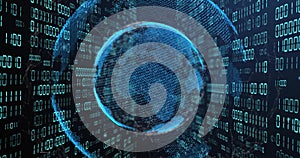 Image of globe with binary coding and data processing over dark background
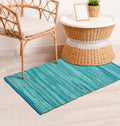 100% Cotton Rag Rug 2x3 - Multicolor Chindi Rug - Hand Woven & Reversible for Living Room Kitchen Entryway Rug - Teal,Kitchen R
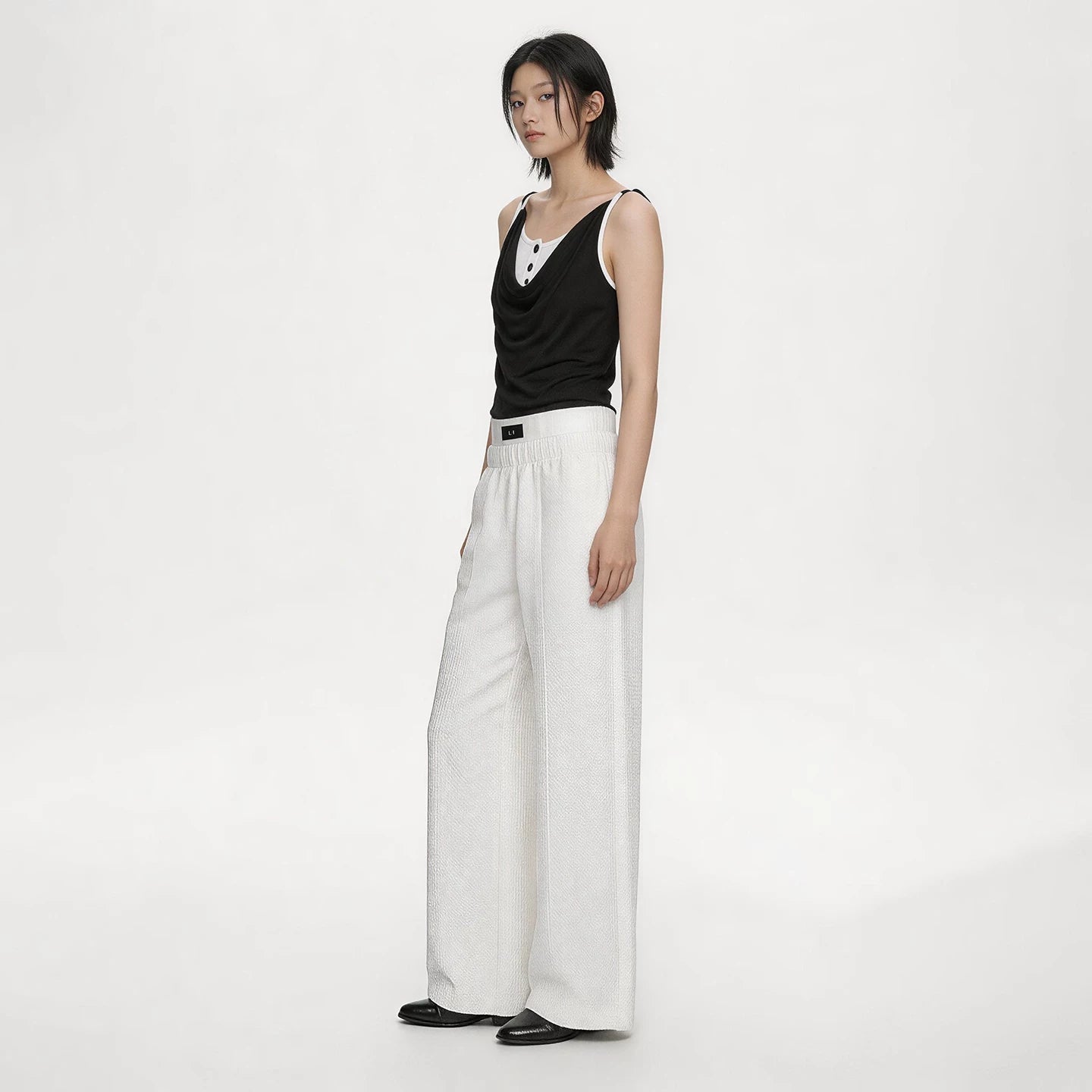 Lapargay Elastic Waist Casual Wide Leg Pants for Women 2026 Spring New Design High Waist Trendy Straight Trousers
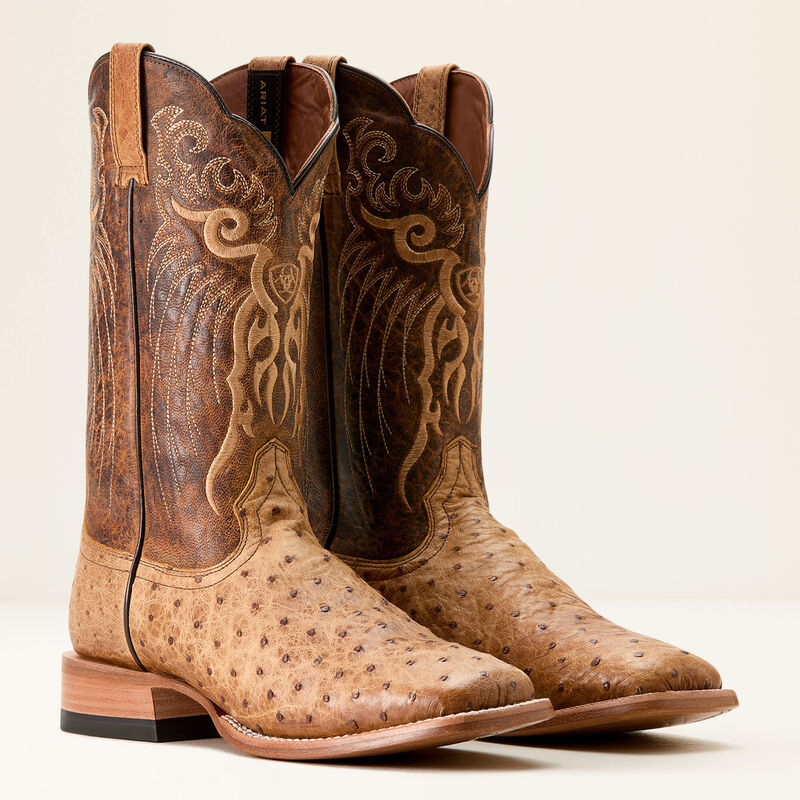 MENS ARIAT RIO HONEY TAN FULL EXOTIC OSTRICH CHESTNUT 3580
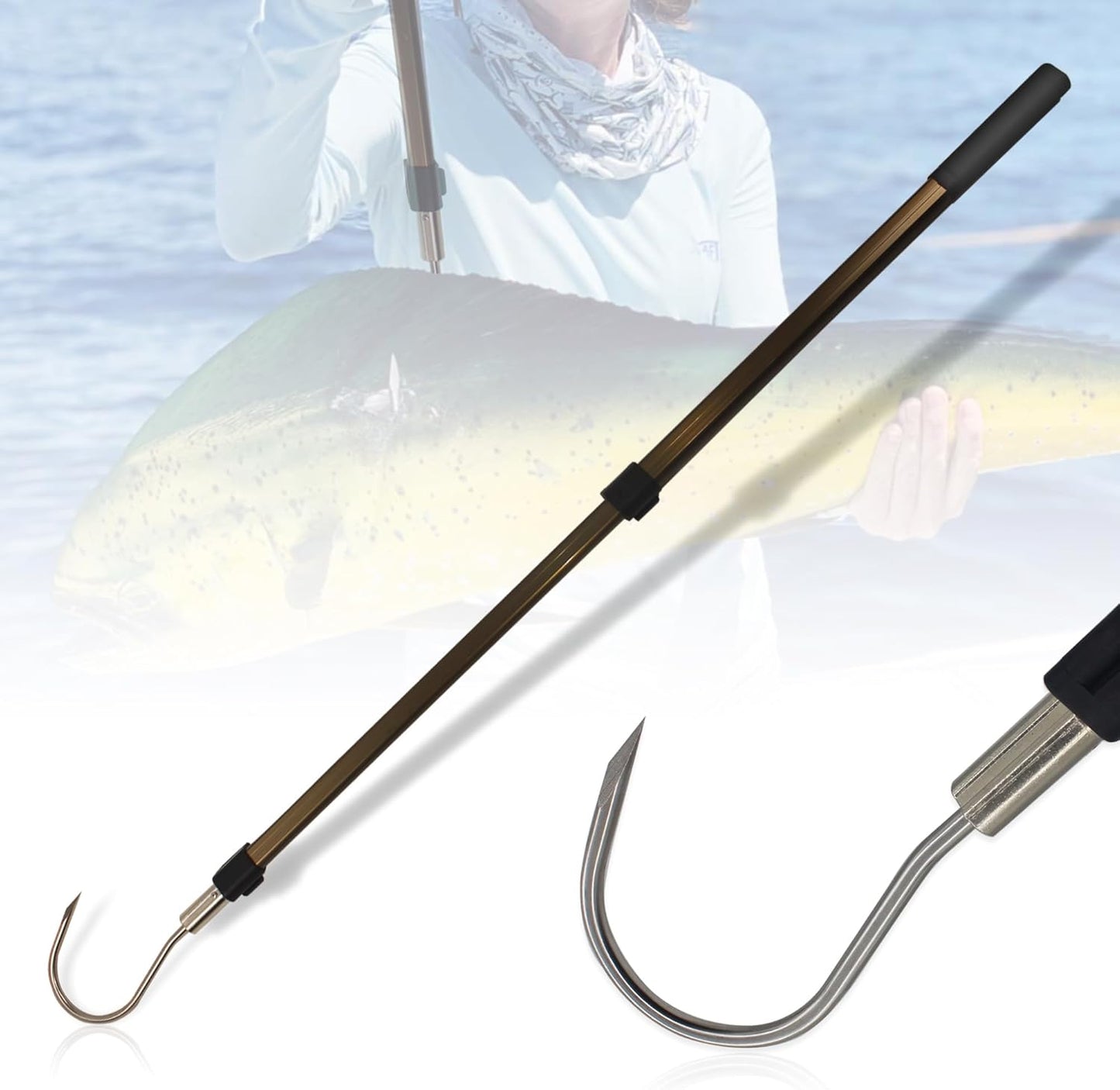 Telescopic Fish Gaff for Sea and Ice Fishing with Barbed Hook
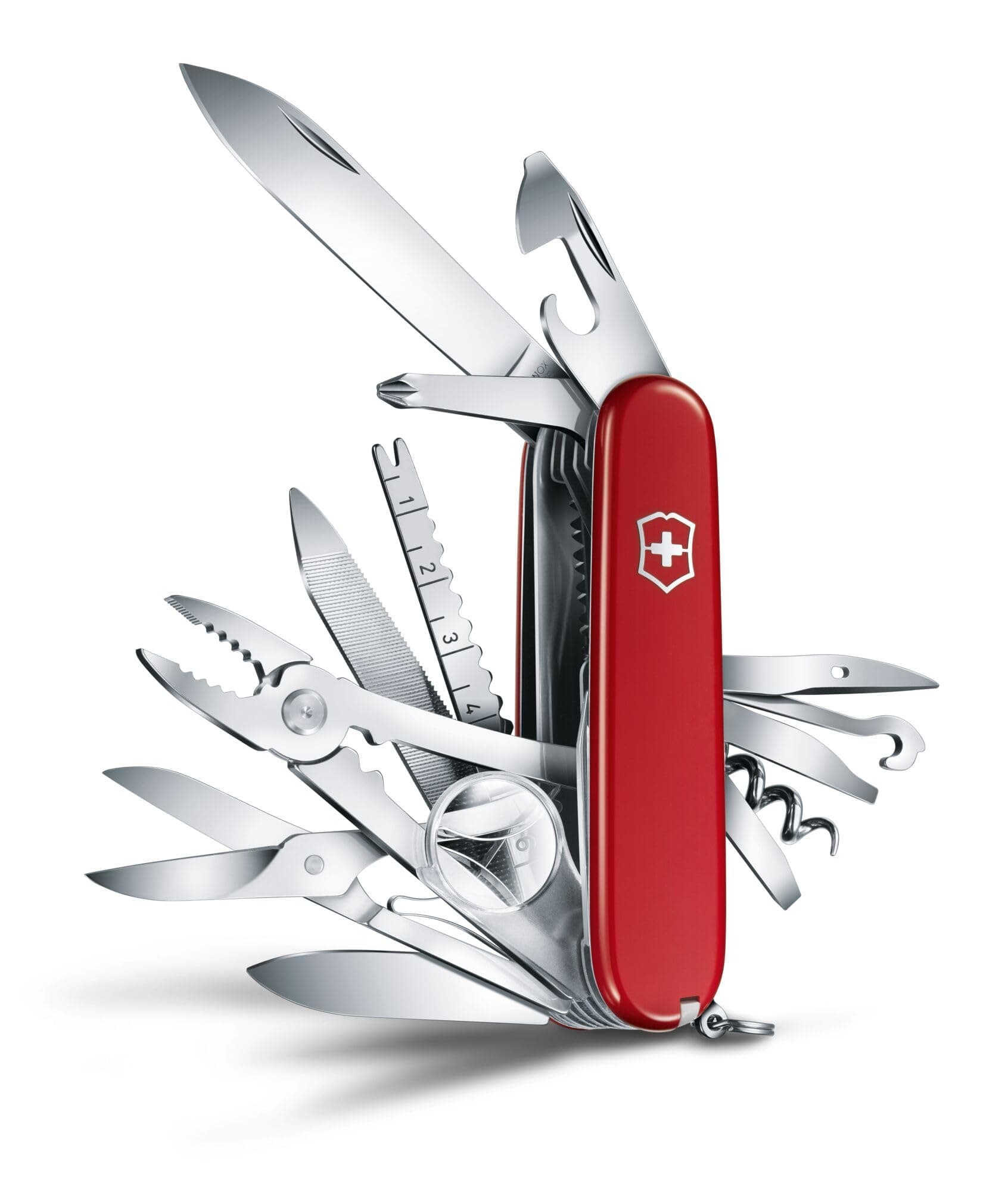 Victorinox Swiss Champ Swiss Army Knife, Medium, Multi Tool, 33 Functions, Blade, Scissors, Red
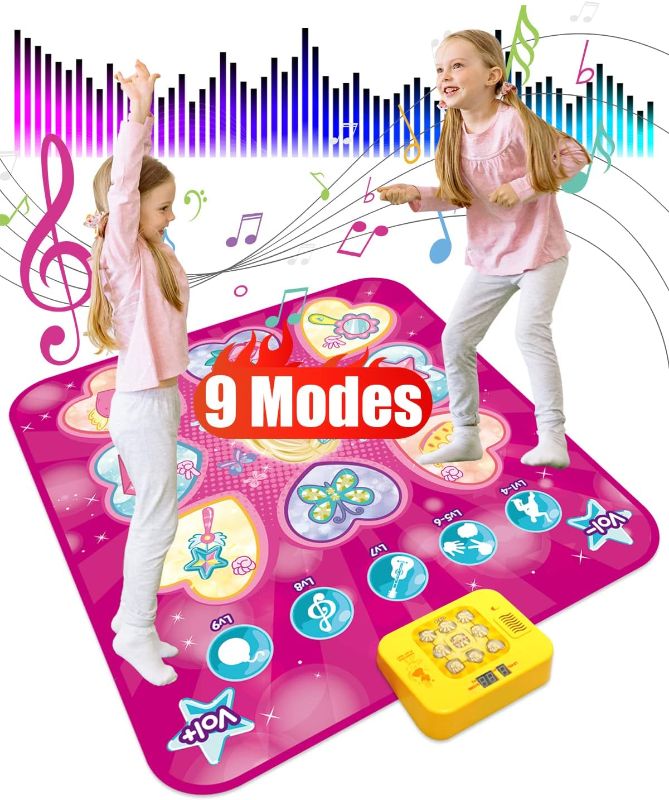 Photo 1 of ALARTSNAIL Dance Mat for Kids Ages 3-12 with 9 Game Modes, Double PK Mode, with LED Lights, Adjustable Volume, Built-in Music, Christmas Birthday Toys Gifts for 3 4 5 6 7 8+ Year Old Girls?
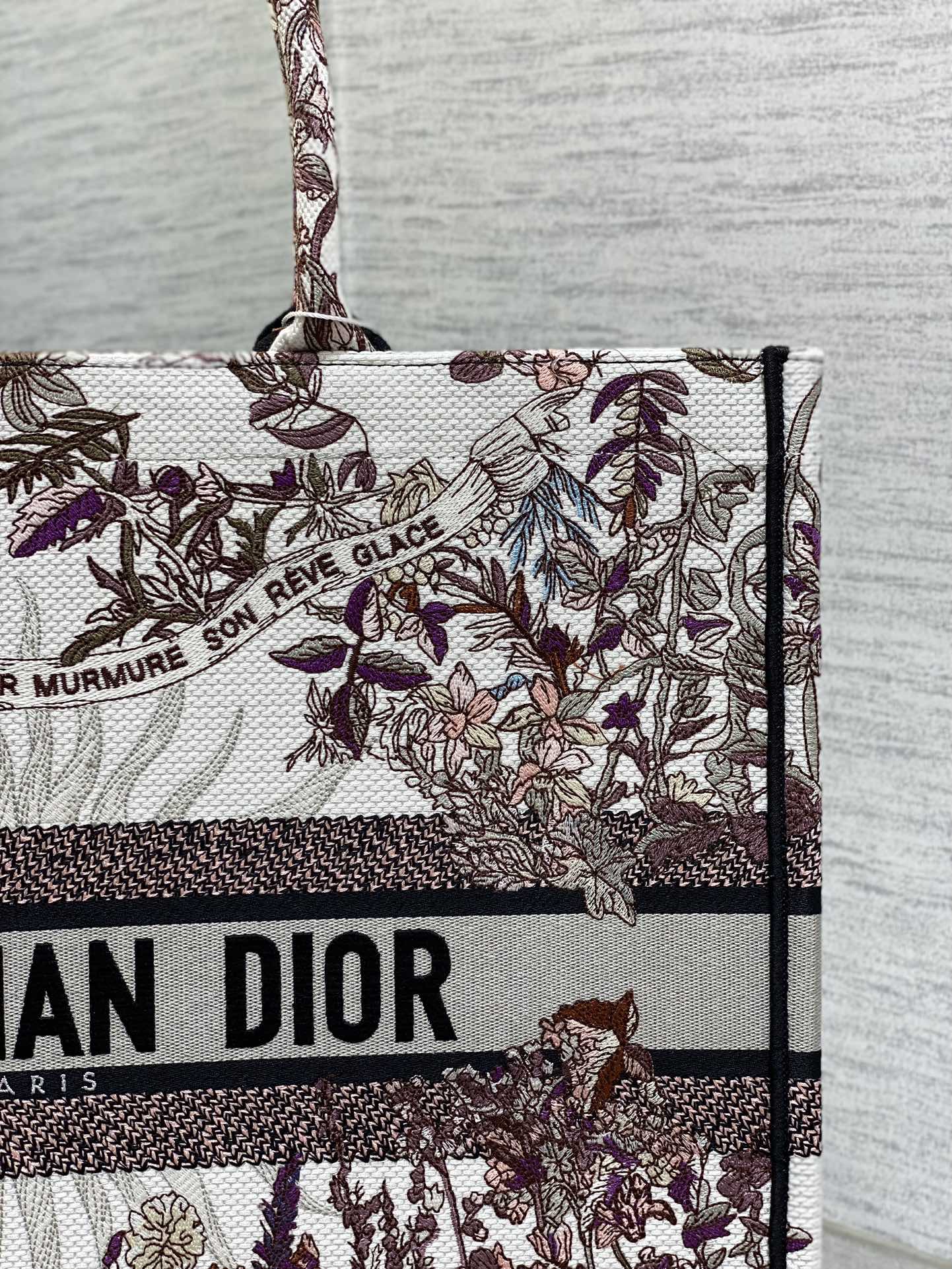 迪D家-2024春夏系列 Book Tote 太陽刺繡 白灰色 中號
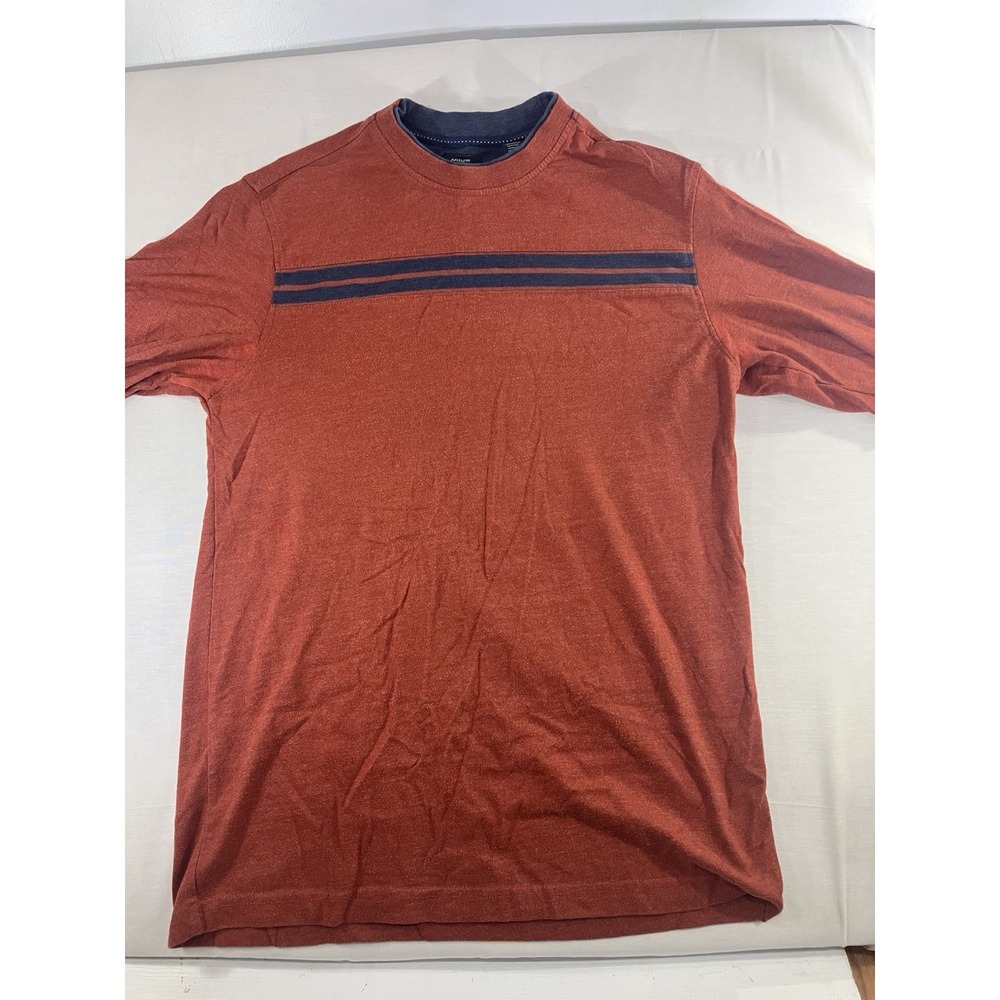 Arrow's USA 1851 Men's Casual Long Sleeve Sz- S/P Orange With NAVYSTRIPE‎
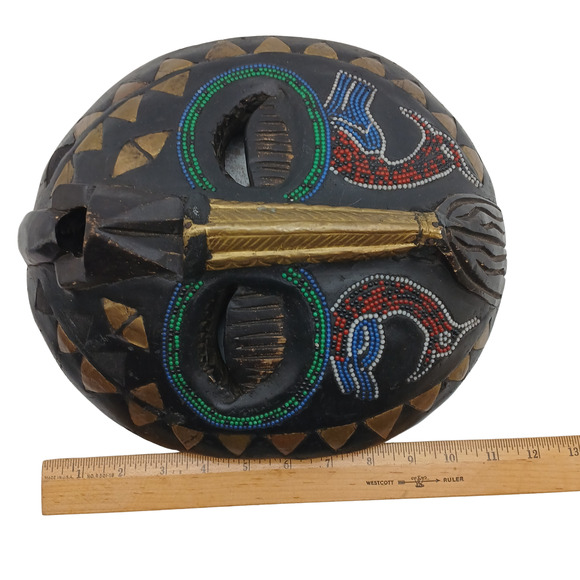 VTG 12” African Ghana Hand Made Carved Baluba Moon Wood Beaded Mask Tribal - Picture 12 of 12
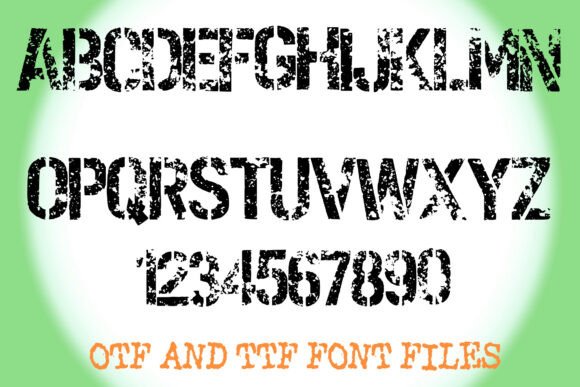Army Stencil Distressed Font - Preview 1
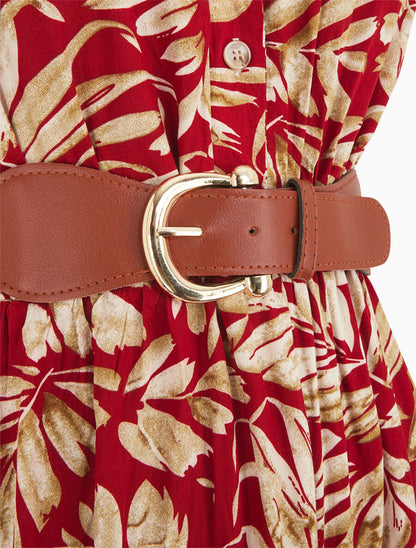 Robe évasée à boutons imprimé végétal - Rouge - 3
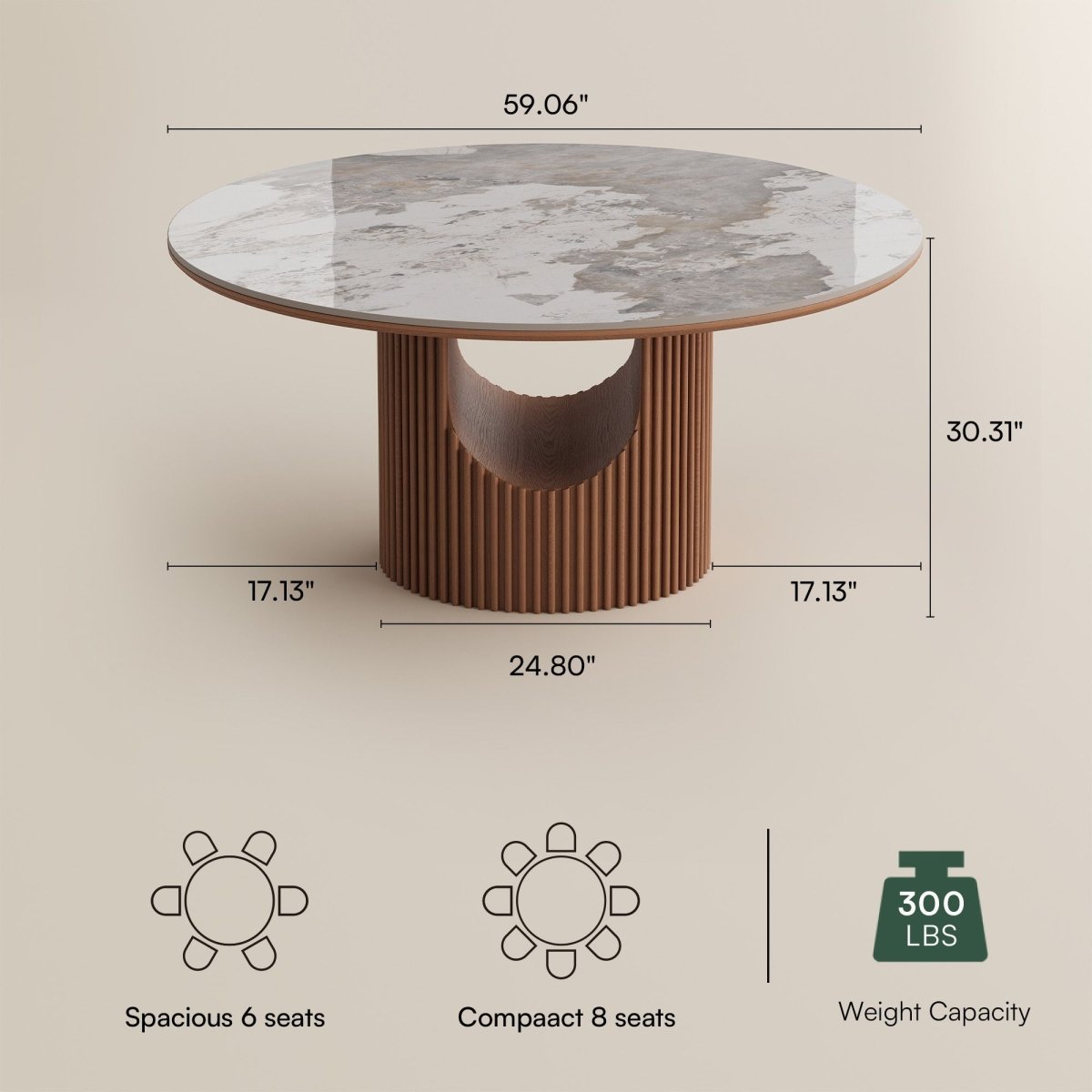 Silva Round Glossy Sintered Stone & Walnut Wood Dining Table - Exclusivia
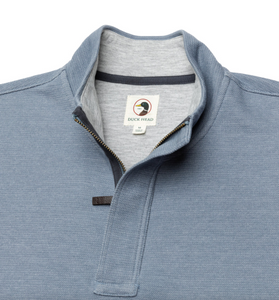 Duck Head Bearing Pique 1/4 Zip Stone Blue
──────
Starting at the line that contains "迪D家-2024春夏系列 Book Tote 太陽刺繡 白灰色 中號", reproduce exactly and only the lines through the end of the entries above, with the pictures excluded.

 迪D家-2024春夏系列 Book Tote 太陽刺繡 白灰色 中號
 Arrow's USA 1851 Men's Casual Long Sleeve Sz- S/P Orange With NAVYSTRIPE‎
 VTG 12” African Ghana Hand Made Carved Baluba Moon Wood Beaded Mask Tribal - Picture 12 of 12
Army Stencil Distressed Font - Preview 1
 Robe évasée à boutons imprimé végétal - Rouge - 3
 Silva Round Glossy Sintered Stone & Walnut Wood Dining Table - Exclusivia
 Duck Head Bearing Pique 1/4 Zip Stone Blue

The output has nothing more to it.